Ce 29 avril, János Áder, président de la République de Hongrie, a invité Viktor Orbán à former un nouveau gouvernement à la suite de sa victoire aux élections législatives du 3 avril.
Un nouveau gouvernement qui tiendra une place singulière en Europe, sur fond de guerre en Ukraine et de relations de plus en plus tendues avec l’Union européenne.
Rappelons qu’Orbán est régulièrement considéré par les médias occidentaux comme proche de Vladimir Poutine. En outre, il avait déclaré considérer le président ukrainien comme un « adversaire » et, dans le contexte du conflit, affirmé que « la Hongrie est du côté de la Hongrie ». Cela ne l’empêchait pas toutefois d’avoir soutenu la position de l’Union européenne, appuyé l’éventuelle candidature de l’Ukraine à l’entrée dans l’Union européenne et même approuvé le principe des sanctions en déclarant : « Quelles que soient les sanctions sur lesquelles les États membres de l’UE s’entendent, nous les soutiendrons. » Lors du Conseil européen du 24 février, il avait cependant obtenu que les sanctions n’affectent pas l’énergie et avait refusé de livrer des armes à l’Ukraine.
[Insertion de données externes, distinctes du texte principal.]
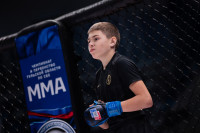 В «Тула-Арене» состоялись областные соревнования по ММА, Фото: 132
Cette position singulière de la Hongrie permet de relativiser la conception très occidentale d’un « camp du bien » et d’un « camp du mal », d'autant que la Hongrie est un pays frontalier de l’Ukraine ! Pour bien comprendre la situation, il faut se replonger dans l’histoire des relations entre ces deux pays et, surtout, ne pas perdre de vue qu’une partie de l’Ukraine a des attaches hongroises.
Rappelons que la Transcarpatie a été détachée de la Hongrie par le traité du Trianon du 4 juin 1920. Elle était alors attribuée à la Tchécoslovaquie. Elle sera, plus tard, annexée par l’URSS et, en 1945, attribuée à l’Ukraine. Elle est donc une région de l’Ukraine indépendante depuis 1991. Aujourd’hui, il y a ainsi, sur le territoire ukrainien, 150.000 citoyens ukrainiens d'origine hongroise tournés vers leur pays d’origine.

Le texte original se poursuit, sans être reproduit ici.